When I start a new ASP.NET project in Visual Studio, I can create an ASP.NET Web Application or I can create an ASP.NET Web Site.
What is the difference between ASP.NET Web Application and ASP.NET Web Site? Why would I choose one over other?
Is the answer different based on which version of Visual Studio I am using?
Web Application is a special Visual Studio project. The main difference with Web Sites is that when you build the project all the code files are compiled into a single assembly, which is placed in the bin directory. You don't deploy code files to the web server.
A website provides visual and text content that the user can see and read, but not affect in any way. In the case of a web application, the user can not only read the page content but also manipulate the data on this page.
The simple answers are as follows: New Web Site - creates code behind pages that are compiled at the server when page is requested. New Web Project - creates pre-compiled pages into one or more assemblies (entire site even), and deployed on server.
A web application can be accessed from any system through the internet. You need an Internet Information Services (IIS) server to run the web application. Windows application can directly be executed on a Windows operating system. Windows applications can only be run on a windows platform.
The Web Site project is compiled on the fly. You end up with a lot more DLL files, which can be a pain. It also gives problems when you have pages or controls in one directory that need to reference pages and controls in another directory since the other directory may not be compiled into the code yet. Another problem can be in publishing.
If Visual Studio isn't told to re-use the same names constantly, it will come up with new names for the DLL files generated by pages all the time. That can lead to having several close copies of DLL files containing the same class name, which will generate plenty of errors. The Web Site project was introduced with Visual Studio 2005, but it has turned out not to be popular.
The Web Application Project was created as an add-in and now exists as part of SP 1 for Visual Studio 2005. The main differences are the Web Application Project was designed to work similarly to the Web projects that shipped with Visual Studio 2003. It will compile the application into a single DLL file at build time. To update the project, it must be recompiled and the DLL file published for changes to occur.

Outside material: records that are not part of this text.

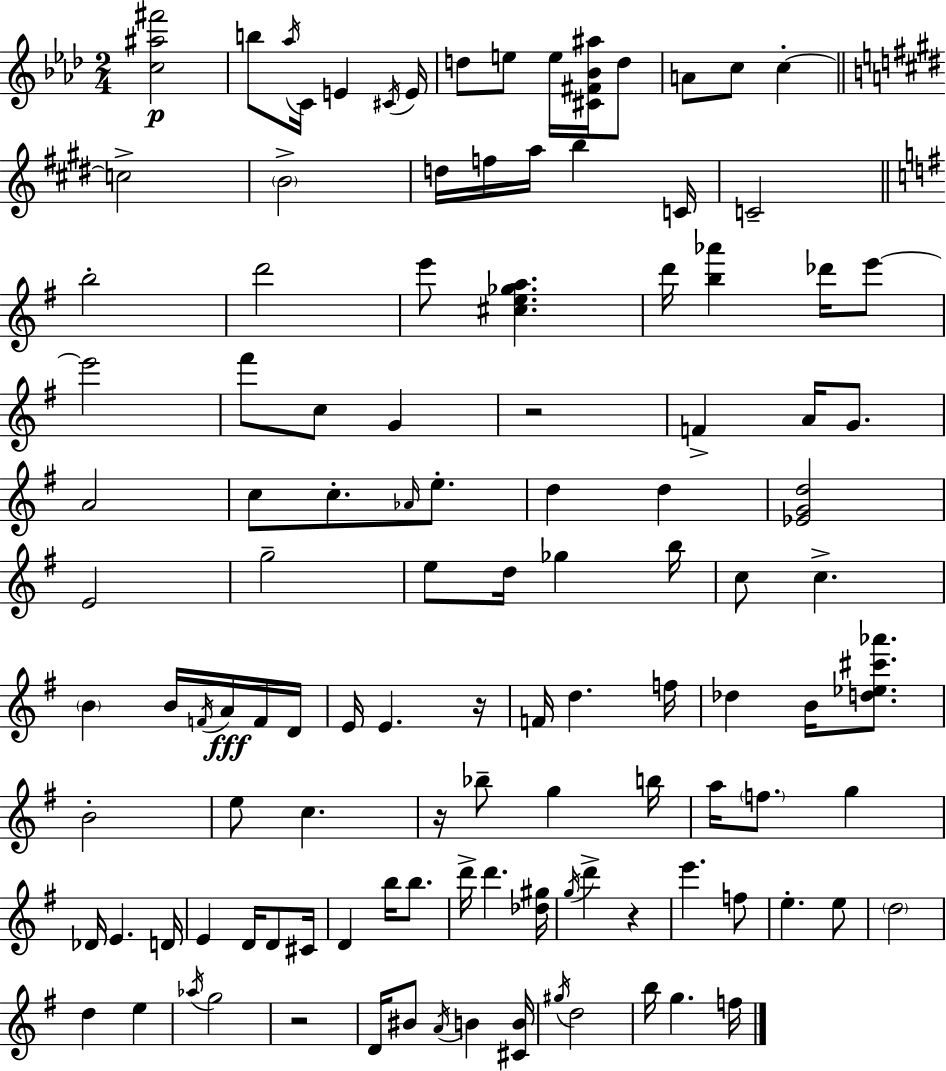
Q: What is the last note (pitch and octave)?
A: F5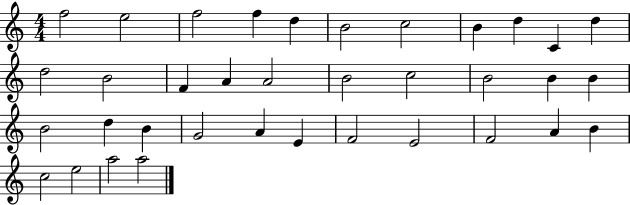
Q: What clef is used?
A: treble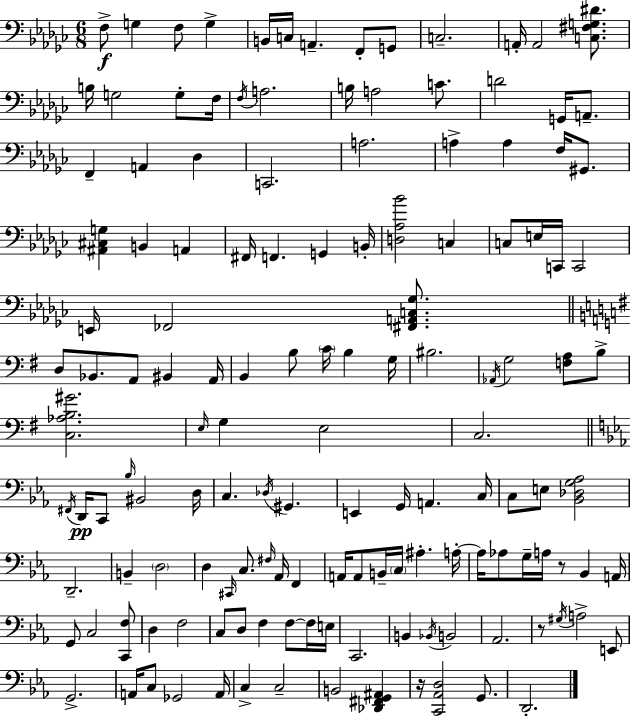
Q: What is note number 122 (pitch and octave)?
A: Gb2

Another nice feature of the Web Application project is it's much easier to exclude files from the project view. In the Web Site project, each file that you exclude is renamed with an excluded keyword in the filename. In the Web Application Project, the project just keeps track of which files to include/exclude from the project view without renaming them, making things much tidier.
Reference
The article ASP.NET 2.0 - Web Site vs Web Application project also gives reasons on why to use one and not the other. Here is an excerpt of it:
- You need to migrate large Visual Studio .NET 2003 applications to VS 2005? use the Web Application project.
- You want to open and edit any directory as a Web project without creating a project file? use Web Site project.
- You need to add pre-build and post-build steps during compilation? use Web Application project.
- You need to build a Web application using multiple Web projects? use the Web Application project.
- You want to generate one assembly for each page? use the Web Site project.
- You prefer dynamic compilation and working on pages without building entire site on each page view? use Web Site project.
- You prefer single-page code model to code-behind model? use Web Site project.
Web Application Projects versus Web Site Projects (MSDN) explains the differences between the web site and web application projects. Also, it discusses the configuration to be made in Visual Studio.